I have been doing some work on a project to develop an API for the Free Application for Federal Student Aid (FAFSA) form. After getting the core API designed and published, I wanted to provide several supporting APIs that would help developers be more successful when building their apps on the API.
One example is a list of colleges and universities in the United States. This dataset is available at Data.gov, under the education section. Except for it is just a tab separated text file, which is machine readable, but a little more work for me than if it was available in JSON.
The txt file of all schools was 25.7 MB and contained all elementary as well as secondary schools. For this project i’m just interested in secondary schools, but I need to process the whole file to get at what I needed.
I imported the file into MySQL. Next I was able to filter by type of school, and get the resulting data set I was looking for, with a couple hours of work.
Now I have two JSON files, one for elementary and one for secondary schools. The whole FAFSA project is a working example of what can be done with government data, outside of the government, but I wanted to highlight the number of hours put into pulling, cleaning up the school data. The federal government most likely does not have the capacity to accept this work back from me, forcing it to remain external.

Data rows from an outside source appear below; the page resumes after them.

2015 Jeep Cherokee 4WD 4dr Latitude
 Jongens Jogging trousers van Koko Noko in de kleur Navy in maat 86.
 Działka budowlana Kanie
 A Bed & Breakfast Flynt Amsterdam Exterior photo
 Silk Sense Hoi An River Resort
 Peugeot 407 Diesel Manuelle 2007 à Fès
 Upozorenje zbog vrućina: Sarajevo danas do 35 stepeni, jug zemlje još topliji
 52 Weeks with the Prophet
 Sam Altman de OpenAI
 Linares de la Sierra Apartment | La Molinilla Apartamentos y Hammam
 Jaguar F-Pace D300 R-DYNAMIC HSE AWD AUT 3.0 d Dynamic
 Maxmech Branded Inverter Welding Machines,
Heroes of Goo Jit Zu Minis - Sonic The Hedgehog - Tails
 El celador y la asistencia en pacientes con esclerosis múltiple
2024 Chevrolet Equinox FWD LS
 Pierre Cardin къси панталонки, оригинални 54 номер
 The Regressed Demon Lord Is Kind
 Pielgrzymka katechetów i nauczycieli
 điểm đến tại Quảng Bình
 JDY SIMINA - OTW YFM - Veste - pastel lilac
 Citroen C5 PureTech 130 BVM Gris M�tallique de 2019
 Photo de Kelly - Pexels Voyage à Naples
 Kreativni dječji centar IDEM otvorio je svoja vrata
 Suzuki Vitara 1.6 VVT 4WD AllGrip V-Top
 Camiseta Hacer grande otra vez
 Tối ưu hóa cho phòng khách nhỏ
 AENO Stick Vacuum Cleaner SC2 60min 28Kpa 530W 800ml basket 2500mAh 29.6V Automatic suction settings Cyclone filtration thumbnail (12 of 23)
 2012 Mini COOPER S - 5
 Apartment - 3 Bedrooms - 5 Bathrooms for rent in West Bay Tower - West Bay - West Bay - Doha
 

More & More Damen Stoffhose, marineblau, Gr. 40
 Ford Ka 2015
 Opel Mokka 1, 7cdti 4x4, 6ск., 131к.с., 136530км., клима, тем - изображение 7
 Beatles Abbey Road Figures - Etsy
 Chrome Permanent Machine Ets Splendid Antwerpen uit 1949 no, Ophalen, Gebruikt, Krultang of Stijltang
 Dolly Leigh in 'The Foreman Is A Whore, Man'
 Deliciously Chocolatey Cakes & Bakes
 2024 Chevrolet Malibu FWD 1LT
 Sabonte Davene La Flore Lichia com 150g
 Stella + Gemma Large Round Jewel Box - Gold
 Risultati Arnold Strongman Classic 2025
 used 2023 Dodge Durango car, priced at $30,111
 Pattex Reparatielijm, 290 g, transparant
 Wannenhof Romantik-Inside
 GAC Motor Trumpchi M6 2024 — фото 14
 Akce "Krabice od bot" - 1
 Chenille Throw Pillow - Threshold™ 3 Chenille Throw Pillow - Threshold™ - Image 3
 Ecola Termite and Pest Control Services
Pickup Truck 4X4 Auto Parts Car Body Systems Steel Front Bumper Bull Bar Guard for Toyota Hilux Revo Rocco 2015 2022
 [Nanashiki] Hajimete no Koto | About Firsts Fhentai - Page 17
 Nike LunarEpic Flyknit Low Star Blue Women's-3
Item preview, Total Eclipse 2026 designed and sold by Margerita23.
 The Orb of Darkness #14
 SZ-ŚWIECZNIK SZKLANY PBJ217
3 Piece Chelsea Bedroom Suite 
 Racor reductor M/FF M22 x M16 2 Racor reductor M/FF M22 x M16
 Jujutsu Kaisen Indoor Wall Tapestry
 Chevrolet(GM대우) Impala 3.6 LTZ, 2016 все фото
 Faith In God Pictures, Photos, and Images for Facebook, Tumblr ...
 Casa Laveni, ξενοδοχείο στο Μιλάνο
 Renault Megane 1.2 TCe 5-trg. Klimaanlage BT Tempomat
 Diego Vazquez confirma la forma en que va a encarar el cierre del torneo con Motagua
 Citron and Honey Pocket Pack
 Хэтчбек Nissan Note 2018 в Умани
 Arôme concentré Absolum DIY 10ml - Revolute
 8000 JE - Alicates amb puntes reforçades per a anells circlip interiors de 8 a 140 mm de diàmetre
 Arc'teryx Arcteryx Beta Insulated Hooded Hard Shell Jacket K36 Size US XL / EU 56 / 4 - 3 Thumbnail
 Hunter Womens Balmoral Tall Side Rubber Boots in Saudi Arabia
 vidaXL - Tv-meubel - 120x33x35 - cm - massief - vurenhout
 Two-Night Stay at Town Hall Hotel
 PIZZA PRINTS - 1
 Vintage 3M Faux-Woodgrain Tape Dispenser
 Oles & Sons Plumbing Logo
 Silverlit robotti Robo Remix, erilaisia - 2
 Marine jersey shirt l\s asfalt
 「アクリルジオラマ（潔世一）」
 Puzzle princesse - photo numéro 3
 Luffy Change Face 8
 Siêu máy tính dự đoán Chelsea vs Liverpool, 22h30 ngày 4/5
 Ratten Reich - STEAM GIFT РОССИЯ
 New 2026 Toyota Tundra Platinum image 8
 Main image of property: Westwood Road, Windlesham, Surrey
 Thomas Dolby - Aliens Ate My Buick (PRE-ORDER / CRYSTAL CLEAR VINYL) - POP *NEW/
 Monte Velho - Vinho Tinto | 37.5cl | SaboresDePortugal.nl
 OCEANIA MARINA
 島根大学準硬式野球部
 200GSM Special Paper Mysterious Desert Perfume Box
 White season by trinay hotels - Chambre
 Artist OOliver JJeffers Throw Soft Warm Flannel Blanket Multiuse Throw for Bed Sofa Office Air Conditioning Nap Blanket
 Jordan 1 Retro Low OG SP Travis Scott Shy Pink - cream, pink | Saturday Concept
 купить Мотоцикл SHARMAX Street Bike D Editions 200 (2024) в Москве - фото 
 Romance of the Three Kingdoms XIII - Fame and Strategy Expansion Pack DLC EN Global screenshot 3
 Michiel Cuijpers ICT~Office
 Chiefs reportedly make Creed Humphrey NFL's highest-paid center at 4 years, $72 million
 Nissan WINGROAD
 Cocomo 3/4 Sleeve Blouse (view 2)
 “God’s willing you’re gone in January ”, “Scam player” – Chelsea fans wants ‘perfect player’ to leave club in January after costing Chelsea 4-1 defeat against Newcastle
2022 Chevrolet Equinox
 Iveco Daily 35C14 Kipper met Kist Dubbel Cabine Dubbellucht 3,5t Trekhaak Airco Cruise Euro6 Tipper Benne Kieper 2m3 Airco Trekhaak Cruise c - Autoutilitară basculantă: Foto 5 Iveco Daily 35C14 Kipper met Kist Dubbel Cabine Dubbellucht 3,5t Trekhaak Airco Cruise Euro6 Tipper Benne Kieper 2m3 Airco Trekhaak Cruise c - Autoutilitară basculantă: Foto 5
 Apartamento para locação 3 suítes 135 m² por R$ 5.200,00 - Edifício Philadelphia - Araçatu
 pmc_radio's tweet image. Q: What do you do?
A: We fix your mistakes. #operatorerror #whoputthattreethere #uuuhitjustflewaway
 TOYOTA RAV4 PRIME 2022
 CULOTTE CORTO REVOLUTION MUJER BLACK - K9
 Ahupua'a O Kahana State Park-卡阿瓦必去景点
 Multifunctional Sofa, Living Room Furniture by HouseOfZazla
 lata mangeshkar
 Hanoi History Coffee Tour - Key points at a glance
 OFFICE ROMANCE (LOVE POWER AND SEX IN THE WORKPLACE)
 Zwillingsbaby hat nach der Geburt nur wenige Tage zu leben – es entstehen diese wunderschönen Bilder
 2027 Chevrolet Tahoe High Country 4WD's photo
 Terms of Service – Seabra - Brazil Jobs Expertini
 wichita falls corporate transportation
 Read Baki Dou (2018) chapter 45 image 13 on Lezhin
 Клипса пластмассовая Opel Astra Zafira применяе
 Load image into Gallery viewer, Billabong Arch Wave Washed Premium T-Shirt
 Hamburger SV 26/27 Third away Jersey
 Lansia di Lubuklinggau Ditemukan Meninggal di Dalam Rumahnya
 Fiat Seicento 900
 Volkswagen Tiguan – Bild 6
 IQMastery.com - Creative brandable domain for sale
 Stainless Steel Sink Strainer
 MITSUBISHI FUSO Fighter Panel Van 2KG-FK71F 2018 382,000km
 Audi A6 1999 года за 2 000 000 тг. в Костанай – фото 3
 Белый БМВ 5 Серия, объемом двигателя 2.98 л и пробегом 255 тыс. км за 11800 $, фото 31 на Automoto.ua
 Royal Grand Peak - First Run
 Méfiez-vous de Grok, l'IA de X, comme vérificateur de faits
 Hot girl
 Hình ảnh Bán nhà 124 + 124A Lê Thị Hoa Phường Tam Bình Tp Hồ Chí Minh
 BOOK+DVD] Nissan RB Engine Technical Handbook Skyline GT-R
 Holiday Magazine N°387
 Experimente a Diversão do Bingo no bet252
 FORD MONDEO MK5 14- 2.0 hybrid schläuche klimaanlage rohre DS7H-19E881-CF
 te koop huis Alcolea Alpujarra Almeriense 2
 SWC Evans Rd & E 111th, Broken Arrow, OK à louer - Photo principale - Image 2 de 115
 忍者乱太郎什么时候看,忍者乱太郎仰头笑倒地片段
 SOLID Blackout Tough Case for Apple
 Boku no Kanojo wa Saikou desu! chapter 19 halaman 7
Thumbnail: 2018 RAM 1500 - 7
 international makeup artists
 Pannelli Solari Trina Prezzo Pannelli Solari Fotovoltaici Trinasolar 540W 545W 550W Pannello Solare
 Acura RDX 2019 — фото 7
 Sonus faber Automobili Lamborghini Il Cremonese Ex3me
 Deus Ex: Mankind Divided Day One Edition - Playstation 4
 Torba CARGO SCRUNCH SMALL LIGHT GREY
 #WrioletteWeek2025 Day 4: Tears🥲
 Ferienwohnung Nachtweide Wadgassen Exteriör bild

I would love to see a way to link up the original list of public elementary and secondary schools with this JSON data set I’ve produced, so that we can take advantage of the cycles I’ve spent evolving this data. I’m sure there are other individuals and companies like me who have cleaned up data, and would be happy to submit it back–there is just now way to do it.
This is why there has to be a sort of DMZ for the public and private sector to interact, allowing the federal government to take advantage of work being done by the numerous folks like me who are working to improve government and build applications using government generated open data.